» Task instructions
Your copy should begin with the line containing "3 beds, 1 bath, 1,000", end with the line containing "2024 VinFast VF 9 Plus", match the listing below exactly, and contain no pictures.

Data provided: Begin

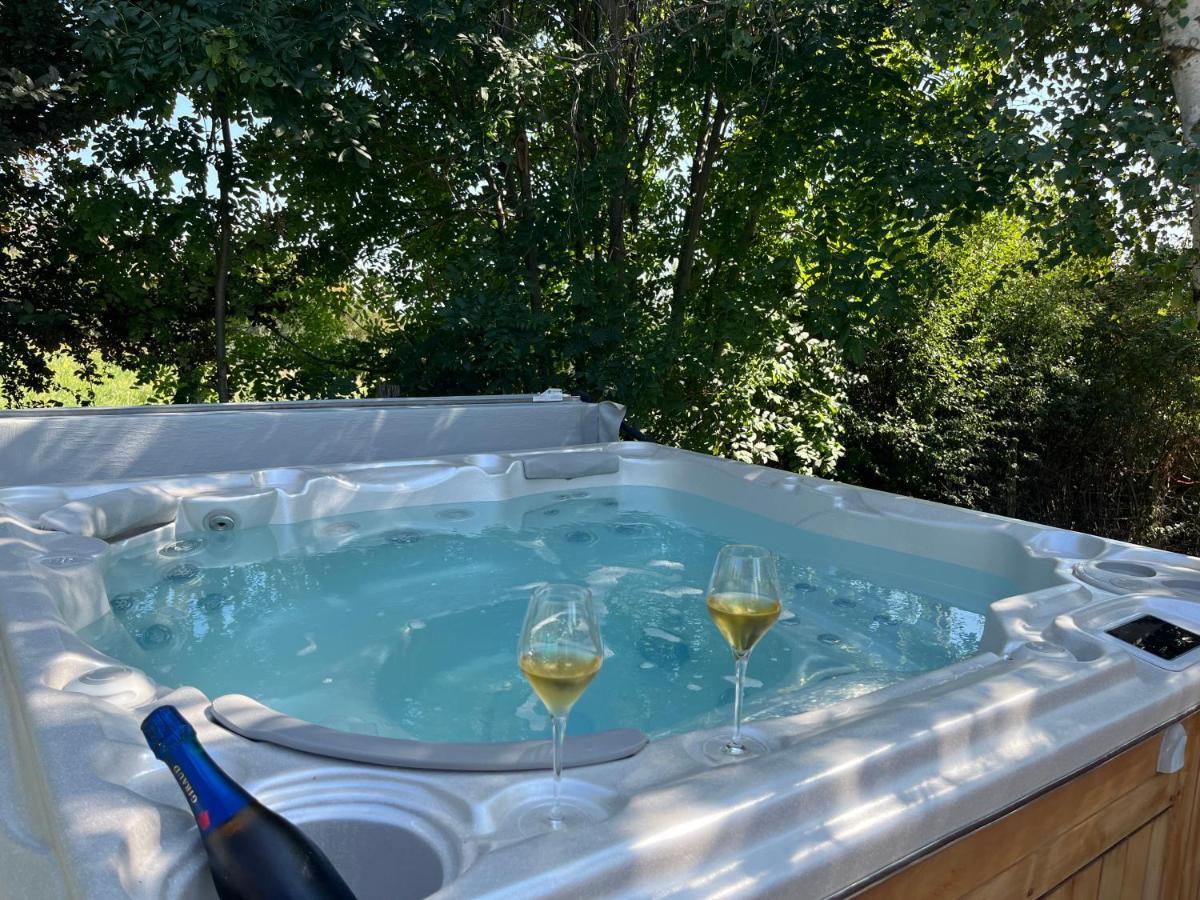 Gite De Charme 5 Etoiles Pour Couple Avec Sauna Et Jacuzzi Exterieurs Privatifs Peaugres Zewnętrze zdjęcie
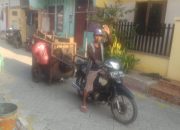 Petugas Kebersihan Lingkungan Yang Mengharapkan Gerobak Baru dan Penambahan Upah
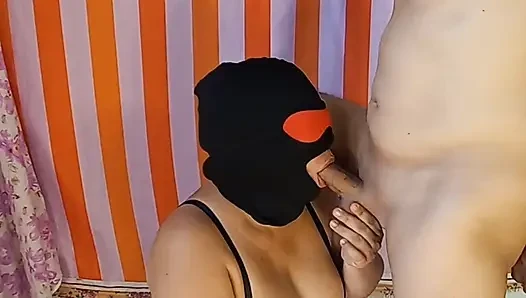 Amatör Hintli evli kadın maskeli gırtlağına kadar alıyor
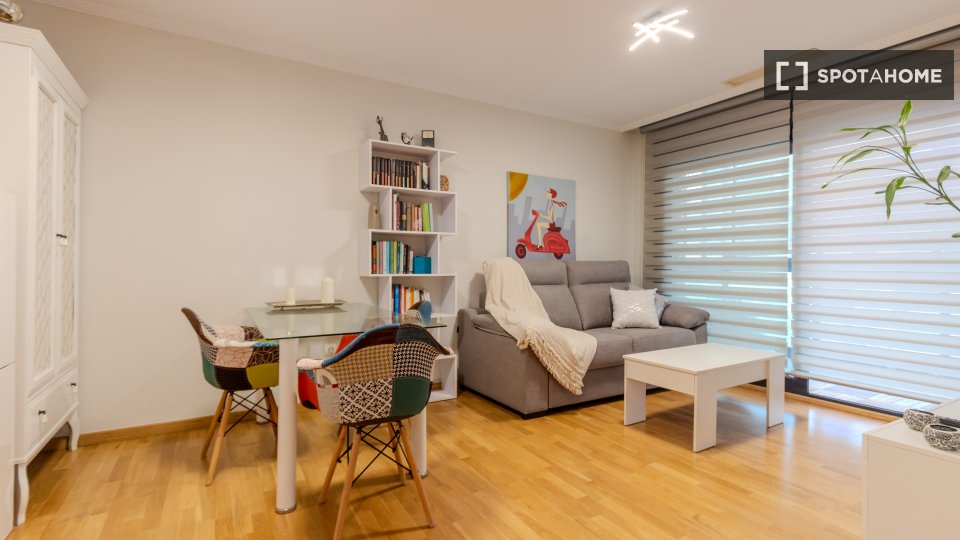 Apartment mono Alicante, 55m² — photo 3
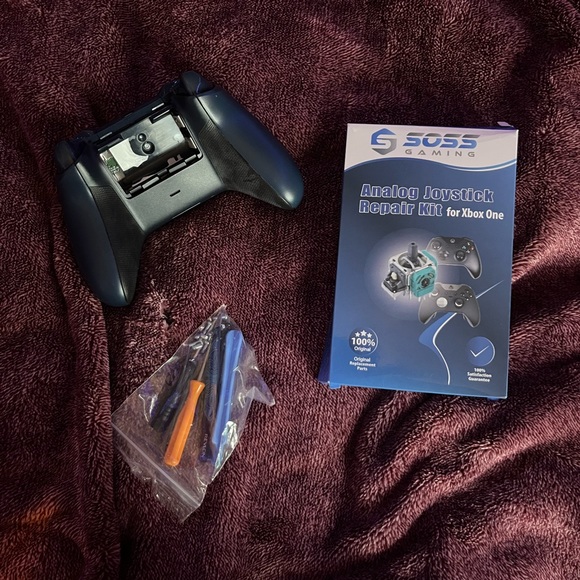 Xbox One Controller - Picture 2 of 2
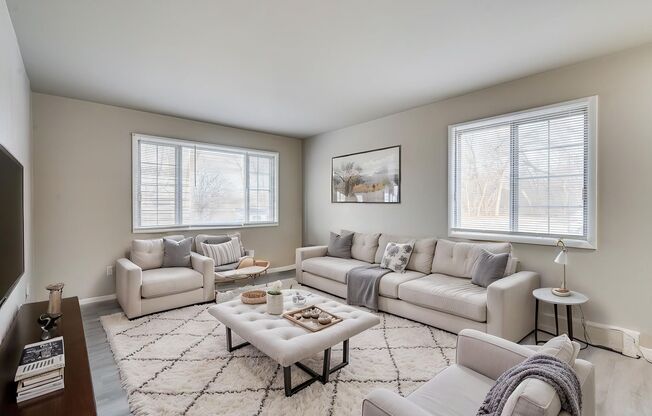 3 beds, 1 bath, 1,000 sqft, $1,399, Unit 4116 - 603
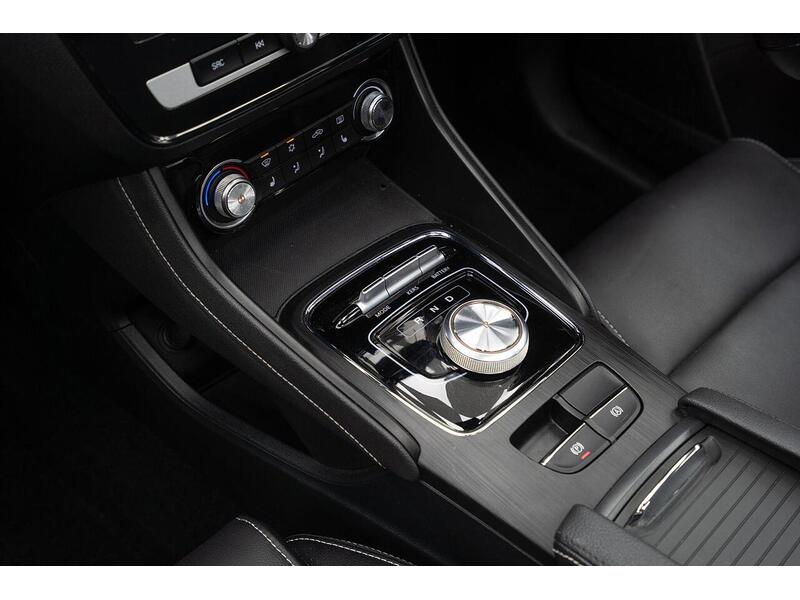 MG MG ZS 44.5kWh Exclusive Auto 5dr - U1177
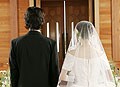 りえよお前もか!?　芸能人「でき婚」の系譜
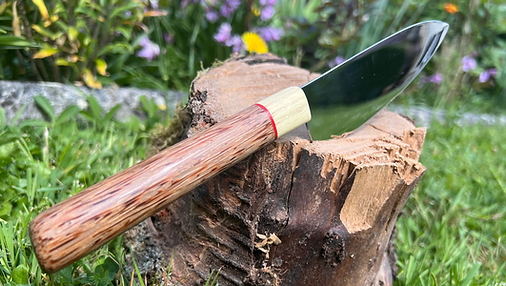 Asiani-couteau-office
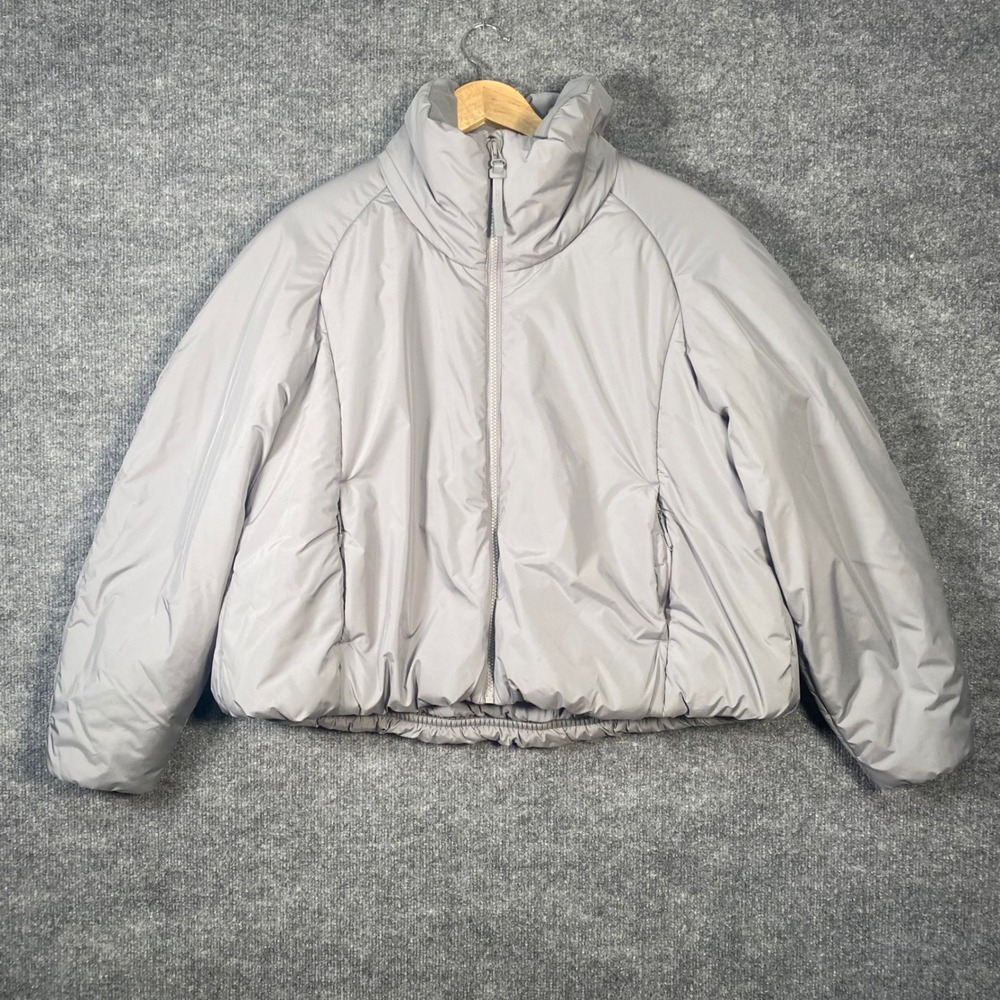 Beyond Yoga Puffer Jacket Womens Size Medium Gray Cropped Full Zip Athleisure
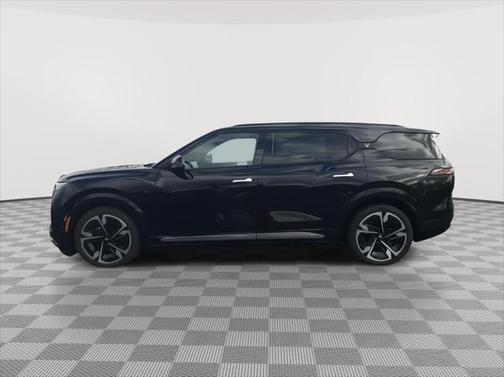 2024 VinFast VF 9 Plus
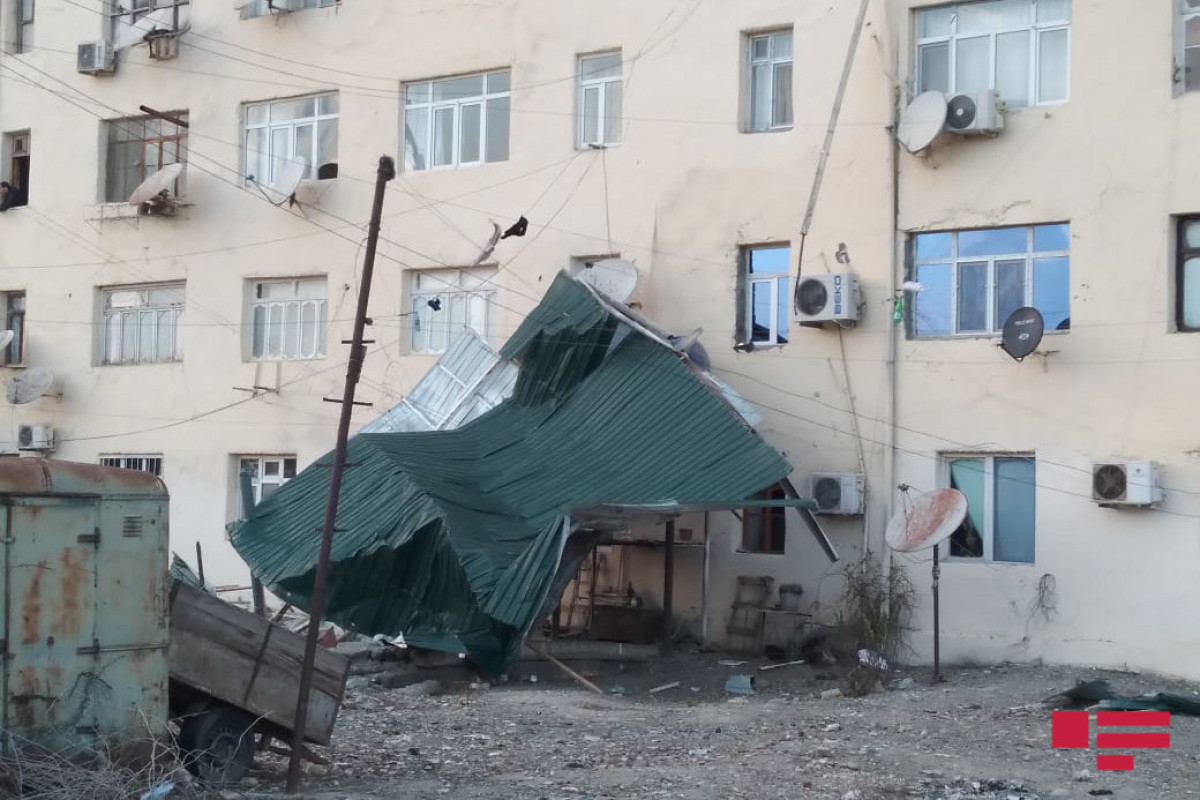 Ураган в Азербайджане снес кровлю жилого дома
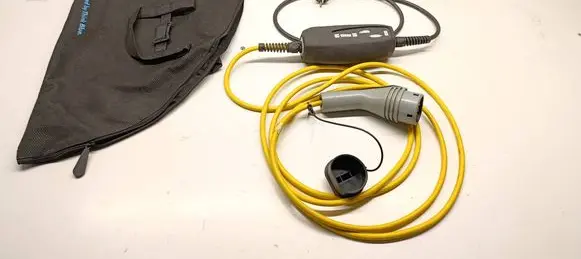 Volkswagen PASSAT B8 Electric car charging cable 12E971675 622083521E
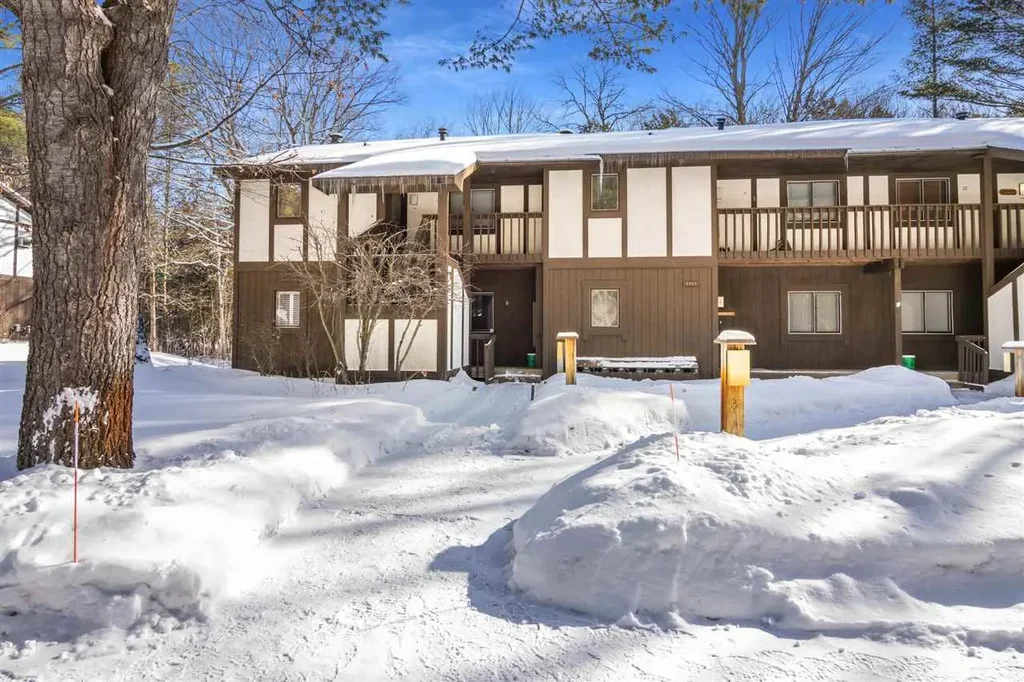 6865 Pinebrook 9, Bellaire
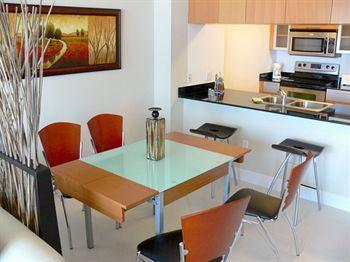 Opera Suites And Marina Doral Εξωτερικό φωτογραφία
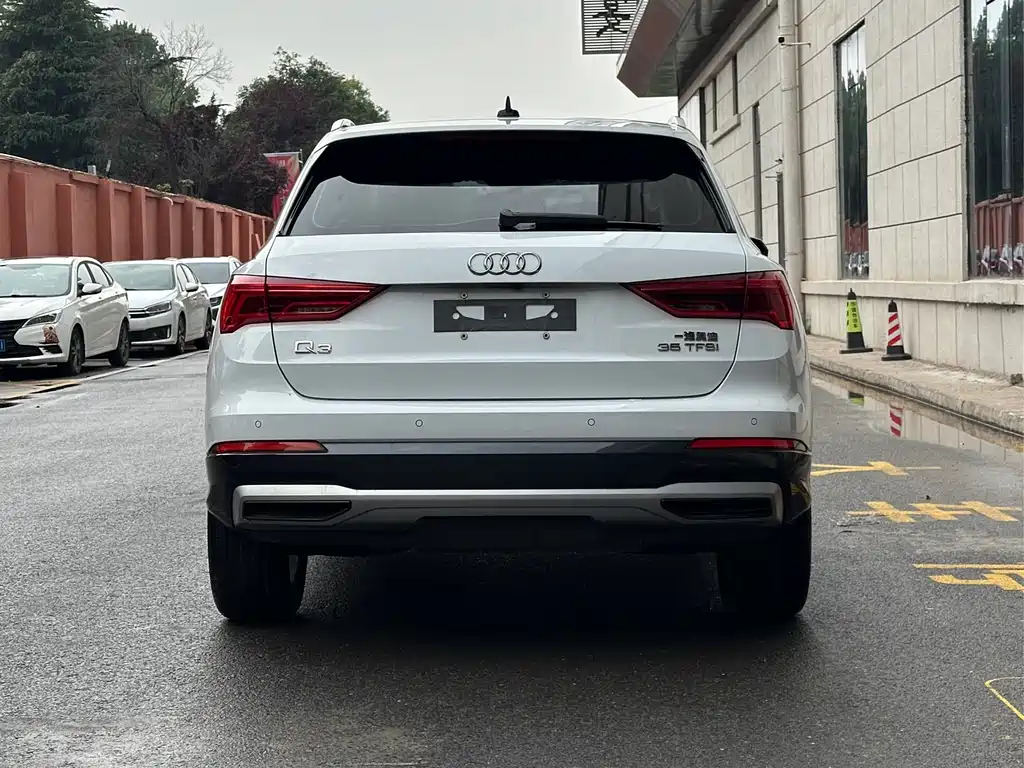 Audi Q3 2022 35 TFSI Fashion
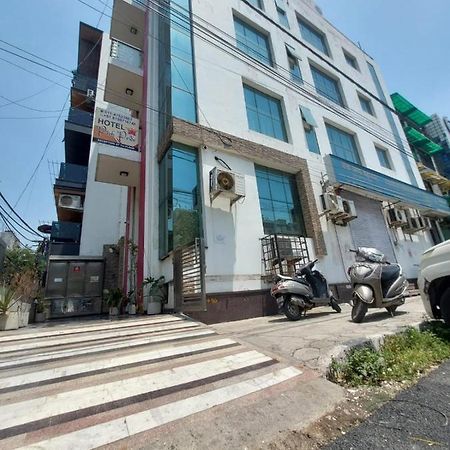 Hotel Park Pride Pitampura New Delhi, Couple Friendly Exterior photo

Data provided: End

» Answer below
 3 beds, 1 bath, 1,000 sqft, $1,399, Unit 4116 - 603
 MG MG ZS 44.5kWh Exclusive Auto 5dr - U1177
 りえよお前もか!?　芸能人「でき婚」の系譜
 Asiani-couteau-office
 Beyond Yoga Puffer Jacket Womens Size Medium Gray Cropped Full Zip Athleisure
 2024 VinFast VF 9 Plus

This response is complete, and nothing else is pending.